By structuring it this way, the parser is forced to “group” AND operations together before it even considers an OR. This naturally produces an AST that respects the correct order of operations.

Walkthrough: The Precedence Ladder

How does this grammar handle name = 'relop' OR language = 'rust' AND type = 'query-parsing'? Instead of a flat list, let’s look at how the recursion “scoops up” tokens based on the precedence rules:

QUERY: name = 'relop' OR language = 'rust' AND type = 'query-parsing'

1. expect_or_expression (ENTRY POINT)
   └── calls expect_and_expression (Left Side)
       └── matches "name = 'relop'" 
       └── does not see "AND", goes up
   
2. expect_or_expression sees the "OR" keyword
   └── calls expect_and_expression (Right Side)
       ├── matches "language = 'rust'"
       ├── sees "AND" keyword (HIGHER PRECEDENCE!)
       └── matches "type = 'query-parsing'"
       └── Result: AND_NODE(lang='rust', type='parsing')

3. expect_or_expression combines them:
   └── FINAL AST: OR_NODE(
                    SINGLE(name='relop'), 
                    AND_NODE(lang='rust', type='parsing')
                  )

The hierarchy forces the AND to finish its work (grouping the neighbor on the right) before the OR even gets a chance to see the tokens. This is how the parser “knows” to bind AND more tightly.

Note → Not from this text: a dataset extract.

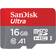 SanDisk 16GB microSDHC Class 10 SDSQUAR-016G-GN6MN Memory Card Retail (1 Pack) w/o Adapter Retail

Deriving the Recursive AST

How do we model this hierarchy in our AST? Let’s try to derive the structure by thinking through a complex query: name = 'relop' AND language = 'rust' OR status = 'active'

Step 1: The AND Component

First, we group the high-precedence AND conditions. This looks like a single logical unit:

AND (
    name = 'relop',
    language = 'rust'
)

Step 2: The OR Component

Next, we think about the OR operation. It joins our previous AND group with another condition:

OR (
    [The AND group from above],
    status = 'active'
)

Step 3: The Substitution

When we substitute the AND group back into the OR group, we see the true structure:

OR (
    AND (
        name = 'relop',
        language = 'rust'
    ),
    status = 'active'
)

The Breakthrough: Why Recursion?

This substitution shows us that an OR node must be able to hold an AND node. But if we introduce parentheses, like (A OR B) AND C, then an AND node would need to hold an OR node!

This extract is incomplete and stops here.